El conspirador

Crítica de Diego Lerer - Clarín

Una lección de educación cívica

Redford indaga en el juicio a los asesinos de Lincoln.

La historia del juicio a los que conspiraron en asesinar al presidente de los Estados Unidos, Abraham Lincoln, en 1865, le sirve a Robert Redford, en su rol de director (no actúa), para intentar trazar un paralelo con la situación actual de los Estados Unidos “en guerra” y en cómo la necesidad de encontrar y condenar a culpables de crímenes terribles no debe nublar la vista de los que imparten justicia y que -tanto entonces como ahora- deben hacerlo de las maneras constitucionalmente aceptadas.

El filme se inicia con el famoso asesinato en un teatro de Washington, no sin antes informarnos que la Guerra Civil, que había terminado apenas unos días antes, todavía está más que presente en las mentes de todos los participantes. El principal es un héroe de guerra de la Unión (el Norte), Frederick Aiken (James McAvoy), un inexperto abogado a quien le encargan la tarea que menos quiere: defender a Mary Surratt (Robin Wright), acusada de conspirar en el asesinato, ya que en su casa se reunían John Wilkes Booth (el actor que mató a Lincoln y que fue luego asesinado), su hijo John Surratt (que se ha escapado y no lo pueden encontrar) y los otros sospechosos.

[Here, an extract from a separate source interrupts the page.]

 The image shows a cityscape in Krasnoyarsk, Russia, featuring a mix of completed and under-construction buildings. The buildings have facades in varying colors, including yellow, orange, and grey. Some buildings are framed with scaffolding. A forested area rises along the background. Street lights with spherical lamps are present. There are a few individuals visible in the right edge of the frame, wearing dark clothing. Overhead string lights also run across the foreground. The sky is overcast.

De una manera metódica, correcta, llevadera pero para nada apasionante, Redford nos mete en el juicio de una forma tal que muy rápidamente sabemos (y si uno sabe cómo terminó la historia, peor, así que mejor no averiguar y dejarse sorprender) cómo se moverán todas las piezas.

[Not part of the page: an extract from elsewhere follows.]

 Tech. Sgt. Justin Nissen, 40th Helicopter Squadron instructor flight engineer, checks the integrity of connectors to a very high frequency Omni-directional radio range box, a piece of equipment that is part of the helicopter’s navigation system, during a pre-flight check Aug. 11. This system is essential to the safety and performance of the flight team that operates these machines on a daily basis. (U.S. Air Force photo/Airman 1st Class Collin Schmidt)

Aiken empieza repudiando el trabajo, pero luego se va dando cuenta de que es probable que la mujer no supiera bien lo que sucedía ni cuáles eran las intenciones de las personas que se reunían con su hijo en su casa. O bien, que en su deseo de salvar a su hijo, termine echándose culpas sobre sí misma, como parece pensar su hija (Evan Rachel Wood). Y queda claro que hay muy poco de “juicio justo” en el tribunal militar: todos parecen dispuestos a condenar sin mirar demasiado atentamente los hechos.

Que Redford ponga los cuestionamientos a la forma de impartir justicia de los defensores de Abraham Lincoln es una interesante vuelta de tuerca para un cineasta “liberal” a quien le resultaría más sencillo encontrar una trama donde los villanos fueran los sectores más reaccionarios de ese país. Y ahí está lo más interesante del filme, en el hecho de indagar en cómo, por más razones morales que parezcan tener los acusadores, los hechos son los hechos y no es ético torcerlos por más justa que la causa parezca ser.

Eso, claro, hace eco en lo que sucedió en los últimos años, con prisiones como Guantánamo y otros actos de dudosa justicia impartida por un país que se considera a sí mismo el máximo baluarte de la democracia. Redford no subraya esta conexión, pero es obvia. Lo que se lamenta es que haya filmado más una lección de educación cívica que una película verdaderamente atrapante.